Status: Needs work » Needs review
FileSize
8.18 KB
FAILED: [[SimpleTest]]: [MySQL] Unable to apply patch postgresql_orderby.patch. View

Ok, Here's my try at improving the documentation.

@webchick: It seems that you didn't rollback the escapeAlias() method in includes/database/database.inc but that's not so important since it's not yet used :)

Josh Waihi’s picture

Maybe for D8 we could have something like a development mode where things like the db layer can imply strict rules like ANSI compliance but can be turned off in production for performance enhancements?

Just a thought.

chx’s picture

Such things add a horrible code weight which probably would need to be dead weight on all Drupal sites... so likely the answer is: no.

Josh Waihi’s picture

or rather 'contrib'.

Crell’s picture

You probably could write a contrib module that does a hook_query_alter on all SelectQuery instances, checks them for extra pedantry, and throws exceptions more readily than core does. Actually that's probably a nice feature for Devel as a toggle.

drifter’s picture

Status: Needs review » Reviewed & tested by the community

This was already RTBC. Dries raised some concerns, Berdir addressed them. I've read the new documentation in #29, and it seems clear to me (even though I didn't know much about the subject :) - so, RTBC?

mradcliffe’s picture

I read through this and the comments help clarify things for people not familiar with PostgreSQL.
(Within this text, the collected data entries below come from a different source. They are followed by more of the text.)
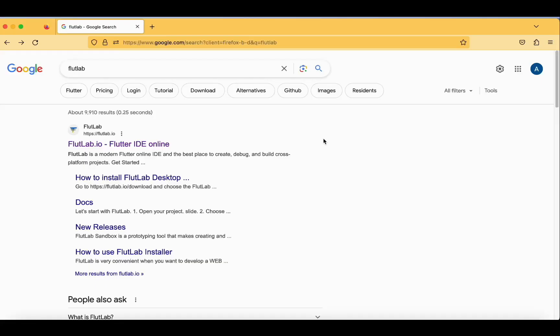In this vlog we will see the usage of FlutLab in Flutter application development. In our previous tutorials we were using Android Studio for Flutter application development, and this is also an option available for Flutter developers.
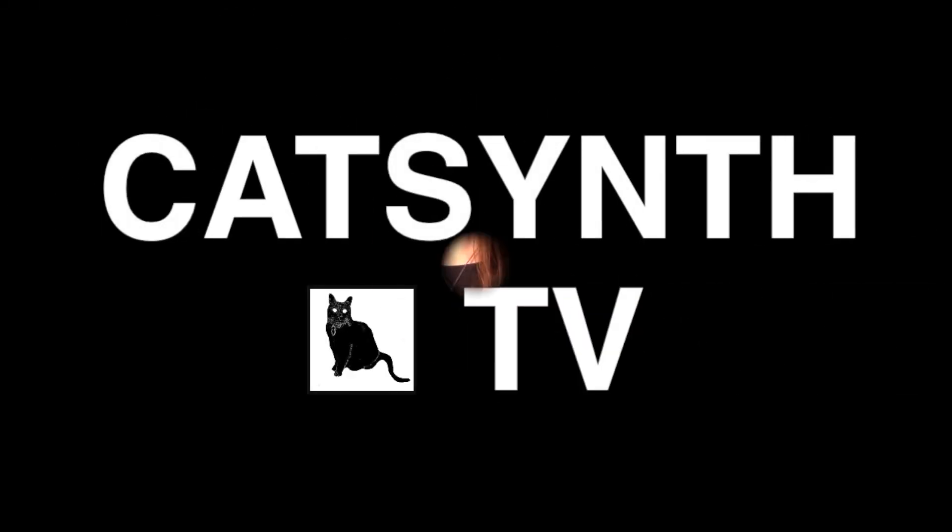KatSynth TV. Hey everybody, KatSynth TV, and this is Part 2 of our look at the Logistic Map.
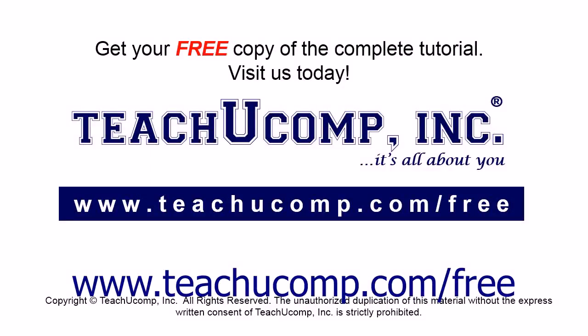Get your free copy of the complete tutorial at www.teachyoucomp.com forward slash free.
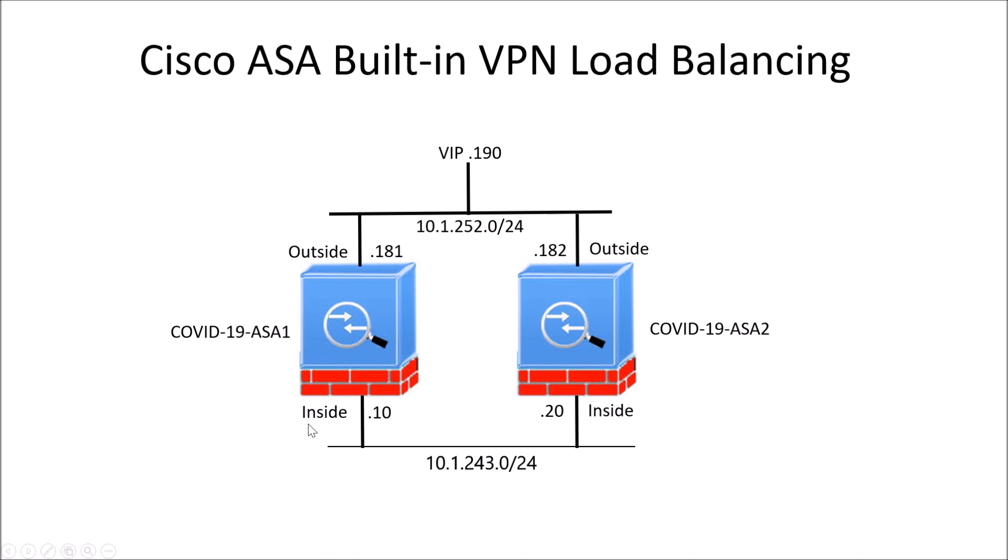I've got an inside network. I've got an outside network. Now the caveat with load balancing is it's got to be L2 adjacent. If you're looking at geo load balancing then you might be looking at something like global load balancing using DNS. Here if it's in a certain L2 environment in your data center then you can scale this out up to the maximum number allowed.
+1 to RTBC if it still passes.

mradcliffe’s picture

#29: postgresql_orderby.patch queued for re-testing.

Status: Reviewed & tested by the community » Needs work

The last submitted patch, postgresql_orderby.patch, failed testing.

mradcliffe’s picture

Status: Needs work » Needs review
FileSize
8.88 KB
PASSED: [[SimpleTest]]: [MySQL] 24,821 pass(es). View

One hunk failed. Patch redo, should apply now.

mradcliffe’s picture

Status: Needs review » Reviewed & tested by the community

Okay, Berdir's patch passes again. Setting the status back to RTBC per drifter.

webchick’s picture

Status: Reviewed & tested by the community » Fixed

Read over the new docs and they seem clear. I don't forsee us finding another way around this unless we introduce a performance penalty for the 95% case of our users. Furthermore, this patch gets us to 100% tests passing on pgsql (I hope), and the sooner we get that, the sooner we can stop breaking pgsql all the time. Hope the new docs are cool with Dries (if not, your call, of course).

Committed #38 to HEAD. Thanks!!

Status: Fixed » Closed (fixed)

Automatically closed -- issue fixed for 2 weeks with no activity.